I have read that already and as a man of science, it's frankly a mess and doesn't really prove or disprove anything. Anything that qualifies health in terms of BMI is an instant give away as to its lack of usefulness. Whereas comparing a similar study with folks who eat 5 times a day and exercise, and including more relevant indicators like body fat would be a far better study.
Right now I stick with what works. 2 meals + exercise + testosterone = forget about it! It's not going to work and if your body doesn't have enough fuel you struggle to do your actual best with exercise. On Mondays, Wednesdays and Saturday's I do an at home work out and Taekwon-do. I couldn't coordinate having enough fuel to handle that + work. But spacing out meals to stay constantly fueled does work. I've done the 2 meals a day while cycling to and from work and I got fat. I eat 5 times a day now and workout and I've lost 20lbs. Maybe that study worked with those individuals based purely on BMI but we've already established how BMI is bogus anyway.
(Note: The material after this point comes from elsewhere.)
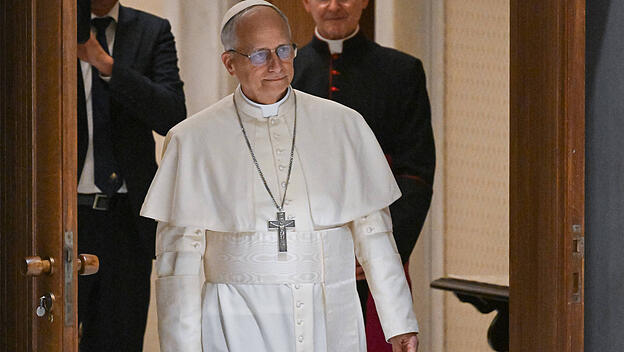 Rom, Vatikan 12.05.2025 Audienz für Journalisten, Papst Leo XIV. kommt in die Audienzhalle *** Rome, Vatican 12 05 2025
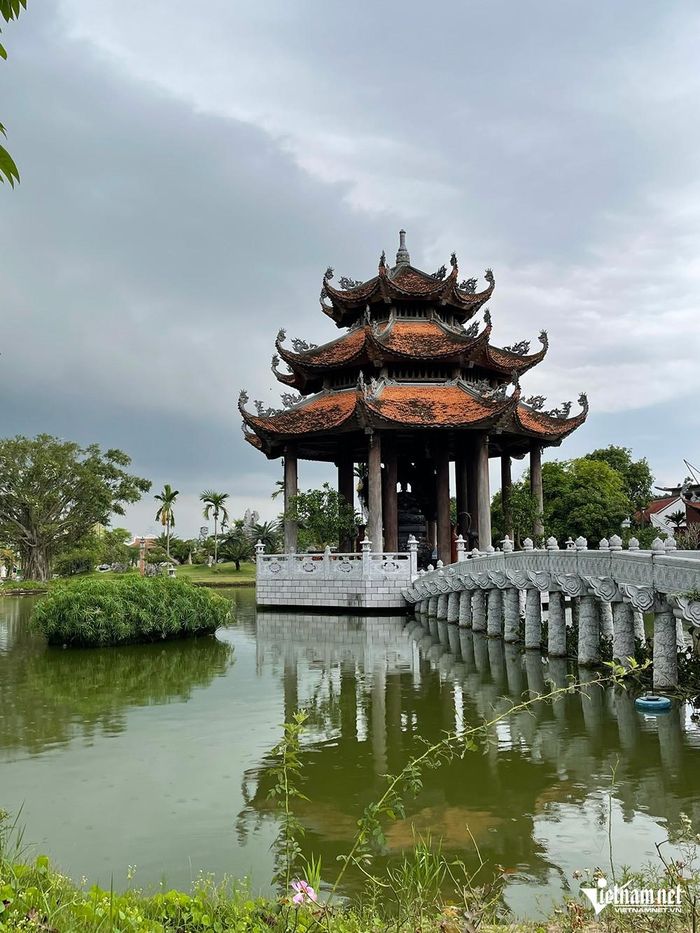 Lầu Quan Âm soi xuống mặt nước, nơi cõi Phật dường như ở rất gần với cõi người.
If one wants to be thin and healthy, one needs to care just as much about exercise as they do about food. In order to get the best out of exercise, small regular meals works best. It means you eat, wait an hour, exercise, then eat an hour or less after. And the results when people do that are always the preferable and more ultimately healthy results. When they release a study where non exercising individuals eat 2 meals a day and get better or similar results than exercising indivuals get on small meals throughout the day, maybe I'll care, but any report that uses BMI as an indicator and doesn't focus on exercise being as equally important as food is an instant red flag for me.